Retailers whose names are used in these scams are understandably unhappy about it.
A Walmart representative, for example, has explained that the company does not send out text messages seeking personal information. A Best Buy spokesperson noted that, "Best Buy continues to pursue the individuals and entities responsible for using Best Buy's trademark without authorization. We share the frustration of our customers, and are taking efforts that will put an end to this unauthorized use."
ABCs from the BBB
The Better Business Bureau has issued warnings about this kind of scam. Here's some advice from the BBB:
- Don't fall for it. Know that retailers or others generally don't just give away very valuable gift cards or products for free. If it seems too good to be true, it probably is.
- Don't reply. Delete the message, without replying. If the text includes a phone number, don't call it. You'll just be calling attention to yourself as a potential victim to target. Don't click any links, as they could leave dangerous files on your phone or other device.
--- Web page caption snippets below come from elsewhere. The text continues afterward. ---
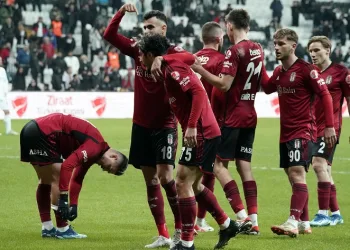 Beşiktaş, Pendikspor’un konuğu olacak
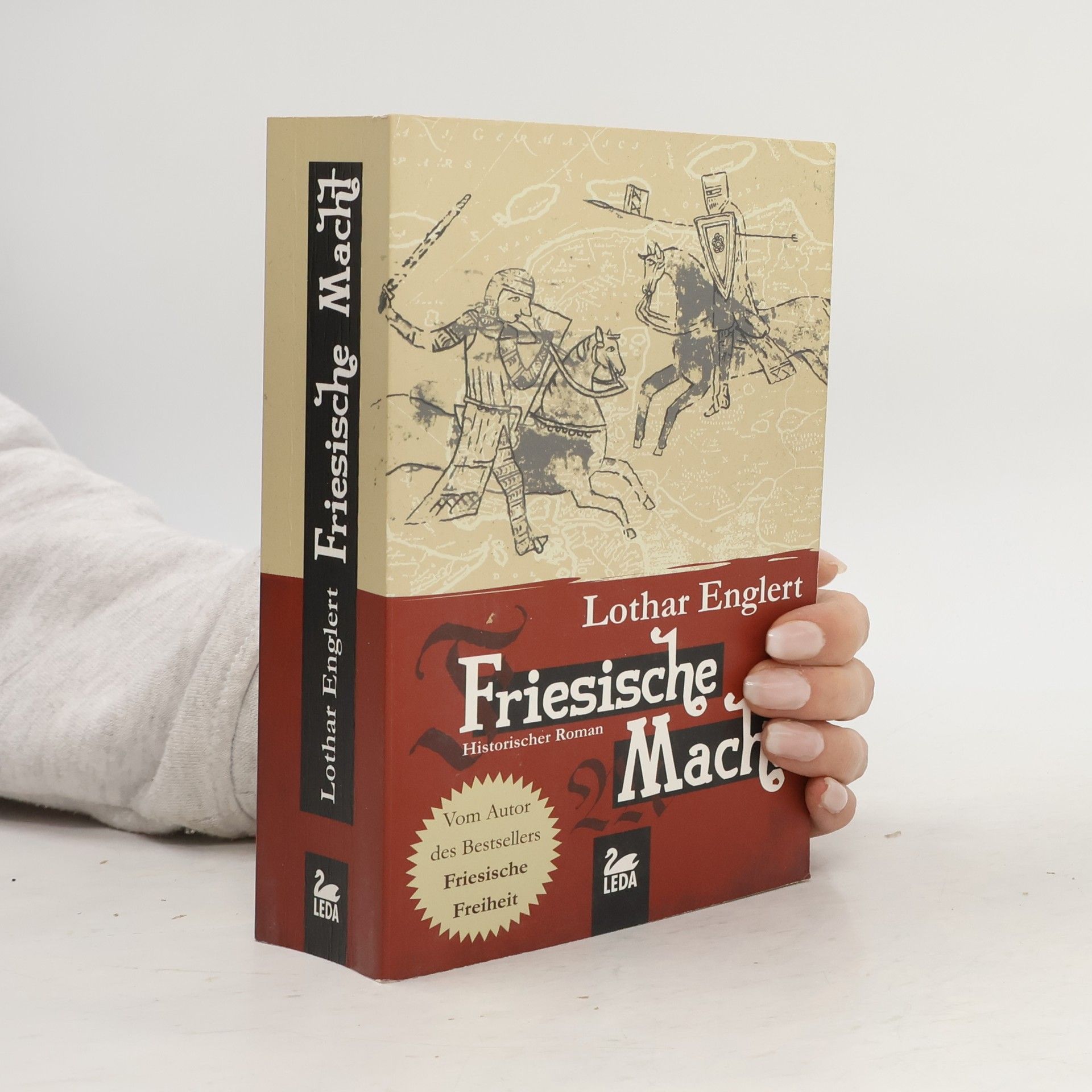 Lothar Englert Friesische Macht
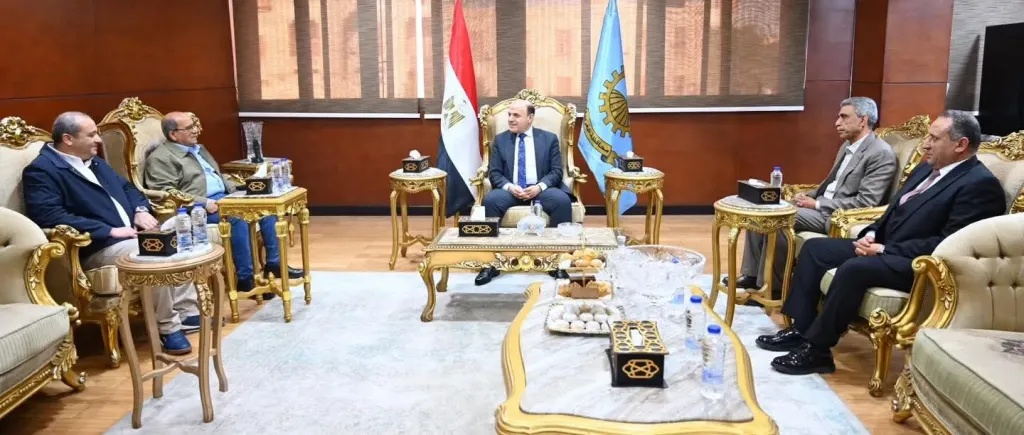 الغربية تعزز خدمات المياه والصرف الصحي.. مشروعات جديدة تدخل الخدمة قريبًا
- Don't give up your personal information. You may be told that your information is needed in order to release a prize to you. Don't believe it. Don't give your bank account number or wire money to anyone, either. (Some scammers say you need to send in money for shipping or taxes, for example, before they can send you a big gift.)
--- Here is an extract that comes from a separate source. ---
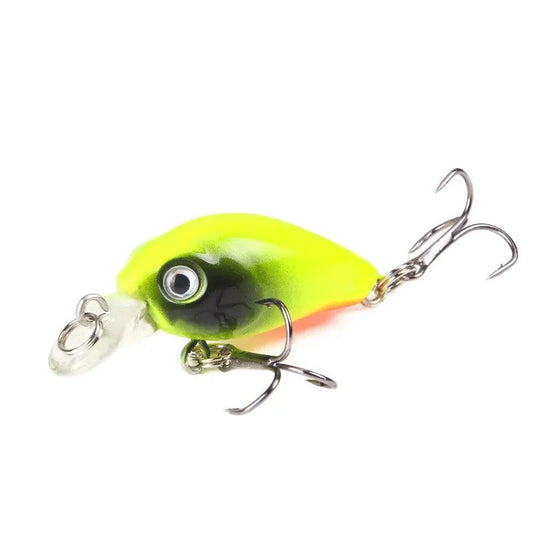 Mandotos Synthetic Angler Bait Gear ready for fishing, featuring durable synthetic material and secure attachment for anglers.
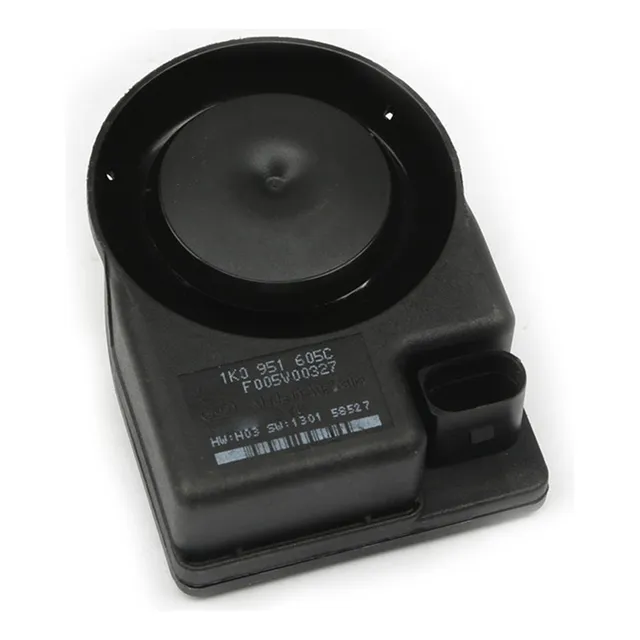 Alarmas Antirrobo Vw Golf Jetta Polo Audi A1 A3 A4 A5 A6 Q7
- Report it. Call your cell-phone service provider and have the number the text came from blocked. You might have them block all premium text messages, as well.
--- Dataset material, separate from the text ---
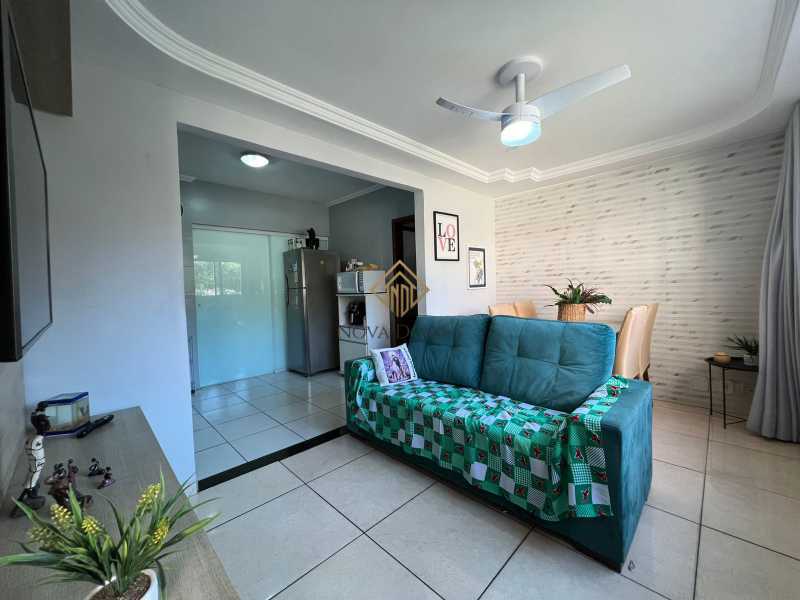 Apartamento à venda com 2 quartos, 64m² - Foto 2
- If the scammers succeed: If you think you've been a victim of smishing, contact the BBB. They can help you determine if you've been victimized and file a complaint against the perpetrator. You can also file a complaint with the Federal Trade Commission (FTC) at www.ftc.gov or via 1-877-HELP (4357). You should also call your affected credit card companies or banks, to alert them and perhaps cancel accounts and get new ones.
- Be vigilant: Finally, remember to check your credit report regularly, for signs of foul play. You may, after all, have been victimized without even realizing it. You can get a free copy of your credit report from each of the reporting agencies once per year, at www.annualcreditreport.com to look for fraudulent activity, and report the incident to BBB.
These scams can make our lives miserable, but only if we let down our guard. Be informed and proactive. You don't have to be a victim.
Motley Fool contributor Selena Maranjian, whom you can follow on Twitter, owns shares of Walmart, but she holds no other position in any company mentioned. The Motley Fool owns shares of Best Buy. Motley Fool newsletter services have recommended creating a diagonal call position in Walmart.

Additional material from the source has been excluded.